• [EXERCISE AIM] Copy the data from the line that contains "Bedroom #3 bed" to its last line, exactly, including both of those lines and leaving out everything before.

• [INPUT FOR THIS TASK]
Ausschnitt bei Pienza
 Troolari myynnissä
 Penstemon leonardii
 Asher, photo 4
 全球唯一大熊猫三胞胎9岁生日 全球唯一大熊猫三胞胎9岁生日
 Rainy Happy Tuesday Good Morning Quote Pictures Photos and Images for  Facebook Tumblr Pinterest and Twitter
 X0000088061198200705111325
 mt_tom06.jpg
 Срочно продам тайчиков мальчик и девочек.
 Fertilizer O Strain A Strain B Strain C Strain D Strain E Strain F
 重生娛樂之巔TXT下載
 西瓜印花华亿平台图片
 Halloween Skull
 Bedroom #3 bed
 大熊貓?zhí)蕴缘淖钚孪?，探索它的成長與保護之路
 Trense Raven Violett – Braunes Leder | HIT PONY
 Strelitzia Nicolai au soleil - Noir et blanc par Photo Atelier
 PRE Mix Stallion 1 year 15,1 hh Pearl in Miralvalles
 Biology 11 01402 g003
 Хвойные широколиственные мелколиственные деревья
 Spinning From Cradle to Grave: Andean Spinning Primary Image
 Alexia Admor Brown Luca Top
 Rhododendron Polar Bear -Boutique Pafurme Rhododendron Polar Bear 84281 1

• [RESULT FOR THIS EXERCISE]
 Bedroom #3 bed
 大熊貓?zhí)蕴缘淖钚孪?，探索它的成長與保護之路
 Trense Raven Violett – Braunes Leder | HIT PONY
 Strelitzia Nicolai au soleil - Noir et blanc par Photo Atelier
 PRE Mix Stallion 1 year 15,1 hh Pearl in Miralvalles
 Biology 11 01402 g003
 Хвойные широколиственные мелколиственные деревья
 Spinning From Cradle to Grave: Andean Spinning Primary Image
 Alexia Admor Brown Luca Top
 Rhododendron Polar Bear -Boutique Pafurme Rhododendron Polar Bear 84281 1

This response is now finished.